La dinamica dell’assalto è ancora confusa. Secondo il segretario di Stato Rafik Chelli, uno dei terroristi sarebbe arrivato in spiaggia vestito come un turista e con un kalashnikov nascosto sotto un ombrellone. Alcuni testimoni parlano di un commando di cinque persone arrivato via mare, altri dicono che sono atterrati sulla spiaggia con una mongolfiera.
Il primo attentatore morto era uno studente non conosciuto alle forze dell’ordine, originario di Kairouan, nel centro del Paese, una delle città sante dell’Islam e sede della più antica moschea del Maghreb.
Il secondo presunto terrorista è stato invece arrestato dopo una fuga di qualche ora. Indossava degli short, probabilmente per camuffarsi tra i turisti.
Nello stesso giorno e nella stessa ora, sia la Francia che il Kuwait sono stati bersaglio di un attentato simile.
Una minaccia concreta che assume le spocchiose e sfrontate sembianze di una sfida.
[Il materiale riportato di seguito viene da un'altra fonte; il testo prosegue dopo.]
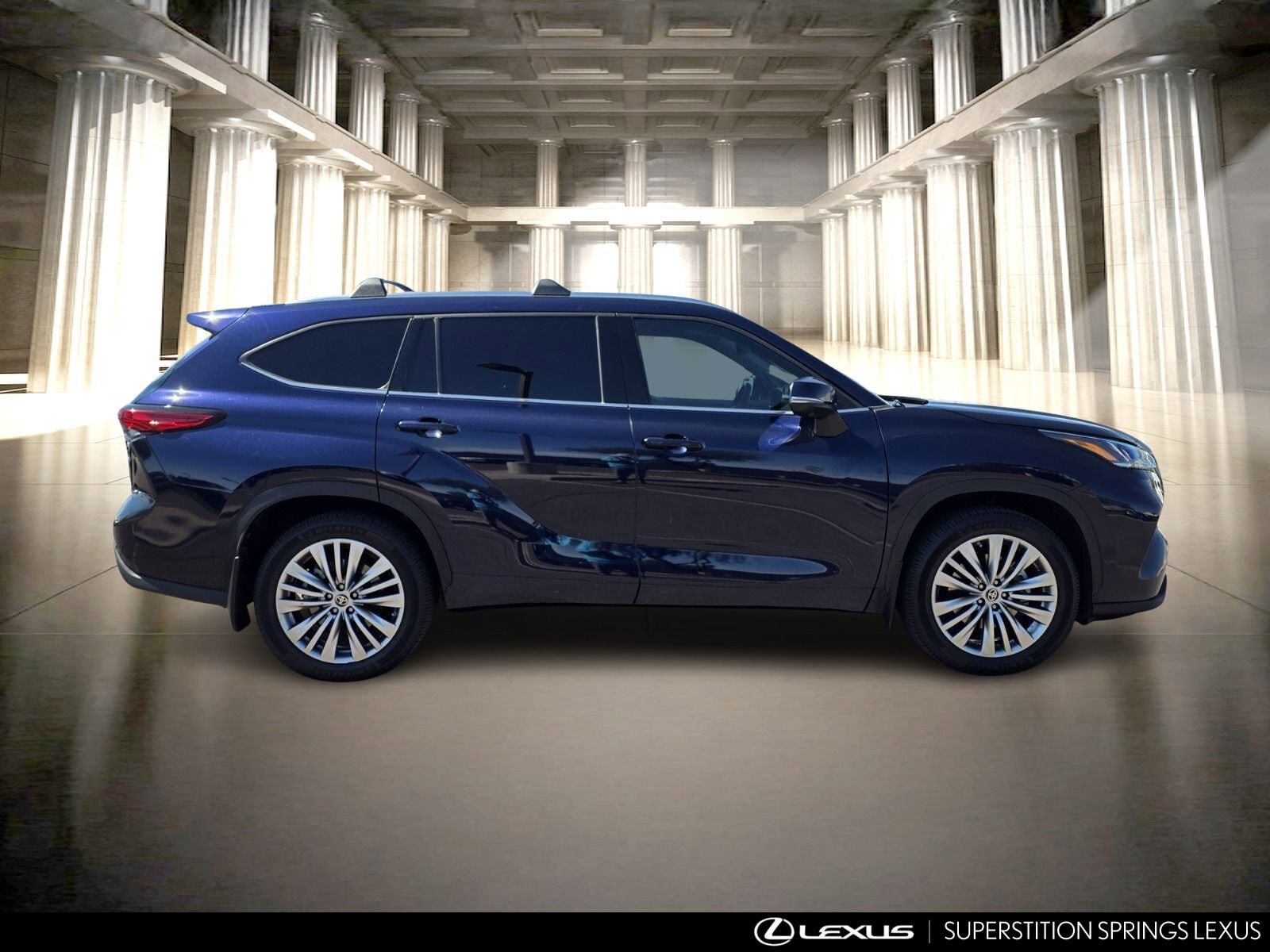 Used 2023 Toyota Highlander Platinum image 3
Ci tengono sotto scacco, sono pronti a tutto, anche a dare la vita per compiere il disegno di sanguinaria follia, in nome del quale, seguitano ad uccidere e straziare vite umane. Sono tanti, sono armati, dispongono di ingenti quantità di denaro e sono cosparsi in tutto il mondo. Vivono per un’unica regione, intorno alla quale ruota la loro intera esistenza: non giocano a calcio, non fanno shopping, non frequentano palestre e Spa, non fanno la ceretta alle gambe, non prenotano privé di lusso nei locali in voga. Vivono solo ed esclusivamente per rivendicare quell’ideale, nel nome del quale, sanno attuando una delle stragi più cruente della storia dell’umanità.
Stanno combattendo una guerra ad armi decisamente impari, dato che i bersagli della follia omicida dei jihadisti seguitano ad essere, ancora, ancora una volta e sistematicamente, civili.
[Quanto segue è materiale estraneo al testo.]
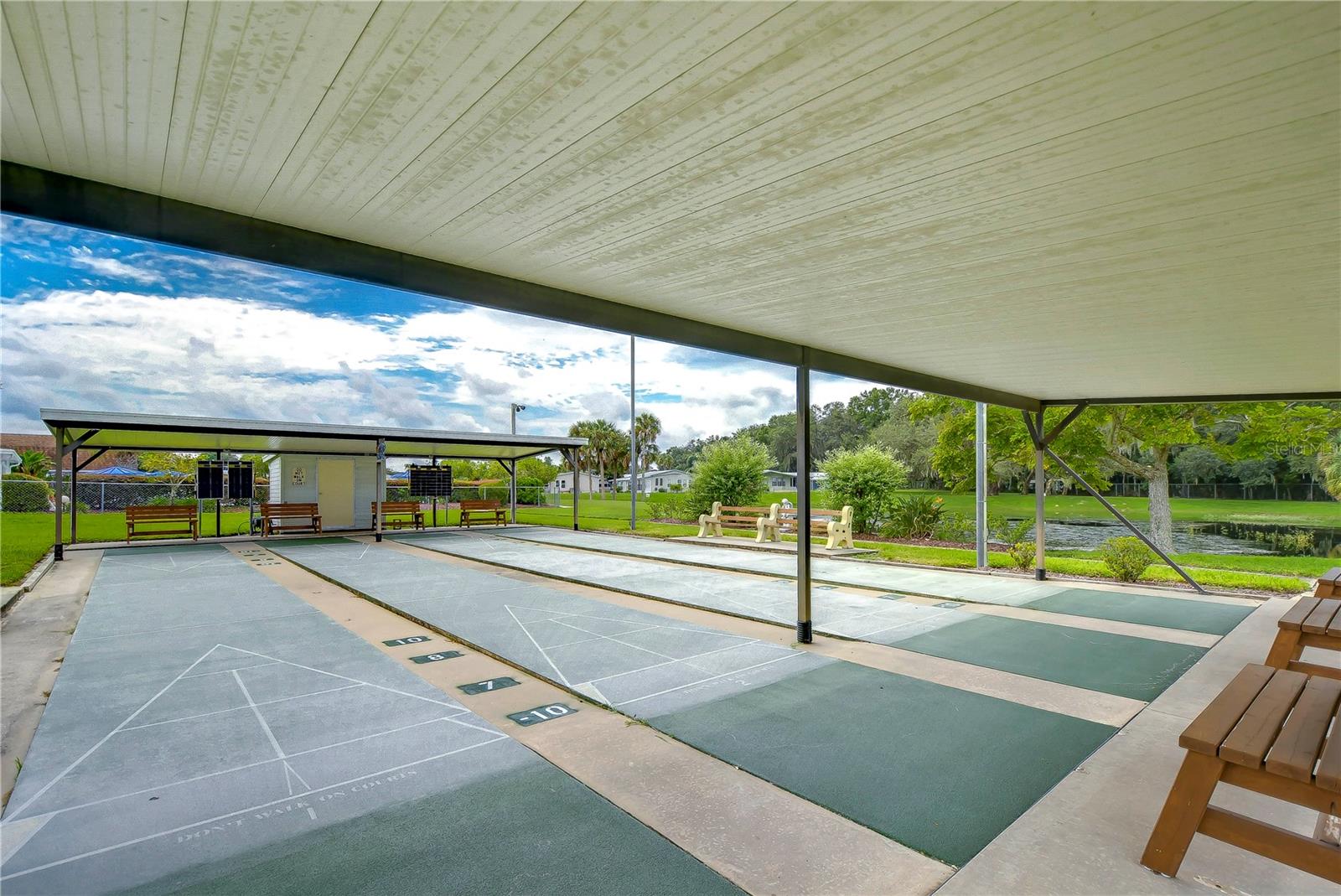 3843 Damian Dr Property Photo 29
Persone, uomini, donne, bambini, inconsapevoli, disarmati, incapaci di difendersi e, probabilmente, colti alla sprovvista, sopraffatti da quell’ondata di distruzione vedendosi privare del tempo materiale per comprendere quello che sta accadendo, a cosa stanno andando incontro, per poi vedersi violentemente scippare la vita. Come se ci si potesse preparare alla morte. No, non si è mai “pronti” per morire. Mono che mai lo si può essere al cospetto di chi è “pronto a morire” per uccidere.
Anche stavolta, nelle ore a seguire, conosceremo le storie delle vittime che, oggi, hanno perso la vita su quella spiaggia. Chi erano, dove vivevano, cosa facevano, cosa avrebbero trovato ad attenderli al rientro, una volta che quella vacanza brutalmente volta al definitivo termine, sarebbe finita come loro avevano preventivato che accadesse.
Anche stavolta, commemorazione, appelli, dolore, sconcerto, paura e mille altri sentimenti ed emozioni dominanti si accavalleranno nei discorsi formali delle alte cariche dello Stato, di tutti gli Stati, oltre che sotto forma di post attraverso i social, di utente in utente, di bocca in bocca, di coscienza in coscienza.
Ma quanto sangue ancora dovrà essere versato, per far sì che, questa, non sia “una volta qualunque”, ma l’ultima?